Two years have passed since we first encountered Alt-J’s own spectacular brand of indie music at the Blind Pig in Ann Arbor. In that small, sweaty space a couple hundred unsuspecting students and Ann Arborites lost their hearts to the band’s reverberant beats and bizarre lyrical creativity just a mere few days before they won the United Kingdom’s Barclaycard Mercury Prize for Best Album of the Year. Since then, the self-dubbed “folk-step” group has surpassed the hopes of their dedicated fan base, riding the admittedly awesome wave – haha – of their new fame to all corners of the world. This time, they played for over a thousand people in The Fillmore’s sparkling concert hall, and although the space was very large (though still sweaty), ticket prices steeper and the set list a little longer, Alt-J continues to radiate that same musical brilliance that captivated us in 2012.

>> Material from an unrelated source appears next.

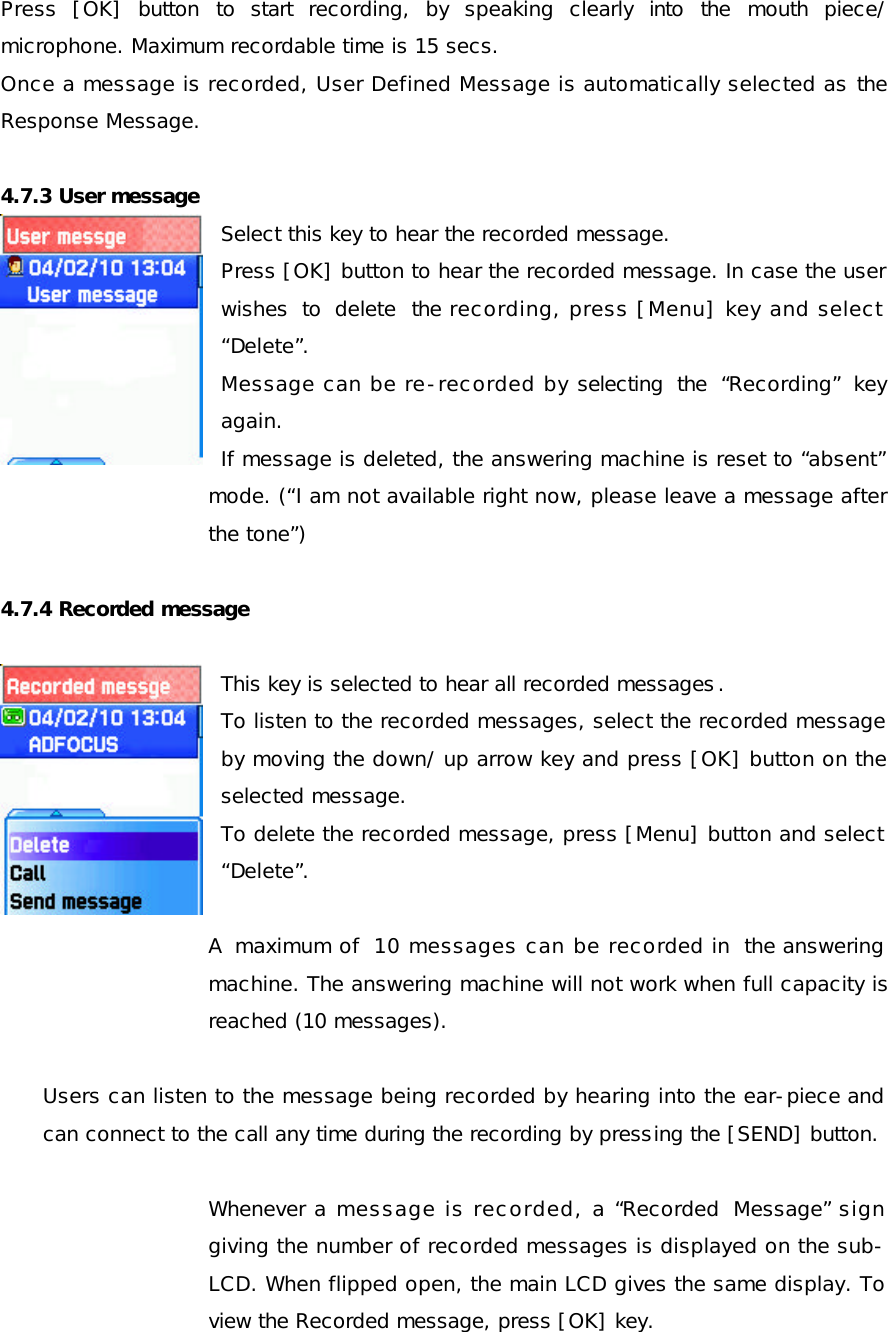 Press [OK] button to start recording, by speaking clearly into the mouth piece/ microphone. Maximum recordable time is 15 secs. Once a message is recorded, User Defined Message is automatically selected as the Response Message.  4.7.3 User message Select this key to hear the recorded message.  Press [OK] button to hear the recorded message. In case the user wishes to delete the recording, press [Menu] key and select “Delete”.  Message can be re-recorded by selecting the “Recording” key again. If message is deleted, the answering machine is reset to “absent” mode. (“I am not available right now, please leave a message after the tone”)   4.7.4 Recorded message  This key is selected to hear all recorded messages. To listen to the recorded messages, select the recorded message by moving the down/ up arrow key and press [OK] button on the selected message. To delete the recorded message, press [Menu] button and select “Delete”.   A maximum of 10 messages can be recorded in the answering machine. The answering machine will not work when full capacity is reached (10 messages).  Users can listen to the message being recorded by hearing into the ear-piece and can connect to the call any time during the recording by pressing the [SEND] button.  Whenever a message is recorded, a “Recorded Message” sign giving the number of recorded messages is displayed on the sub-LCD. When flipped open, the main LCD gives the same display. To view the Recorded message, press [OK] key.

They kicked off their performance with a rendition of “Hunger Of The Pine”, followed by “Fitzpleasure” – two strong picks from their first and latest album that drove the crowd into a flurry of unrestrained excitement. Soon enough there were quite a few delta’s being thrown into the air, which sparked dedicational rivalry among the die-hards who can’t decide what the proper hand-finger placement is (does anyone really know?). Until there’s an official decision on this front, it’s probably safest to stick to making ∆’s on your keyboard and in Instagram captions.
The show showcased a perfect blend of first album favorites and tasty tidbits from This Is All Yours, which the band released in September. Joe Newman’s trademark vocals led us through choice picks like “Something Good”, “Tessellate”, “Interlude 1”, “Warm Foothills”, and “Left Hand Free” with some harmonious help from Gus Unger-Hamilton, whom we interviewed a while back.
“Breezeblocks” appropriately concluded the set, met with an approving roar from the fans. Alt-J refuses to disappoint with a second sold-out (and objectively magical) appearance in Detroit – we can't wait for the next one.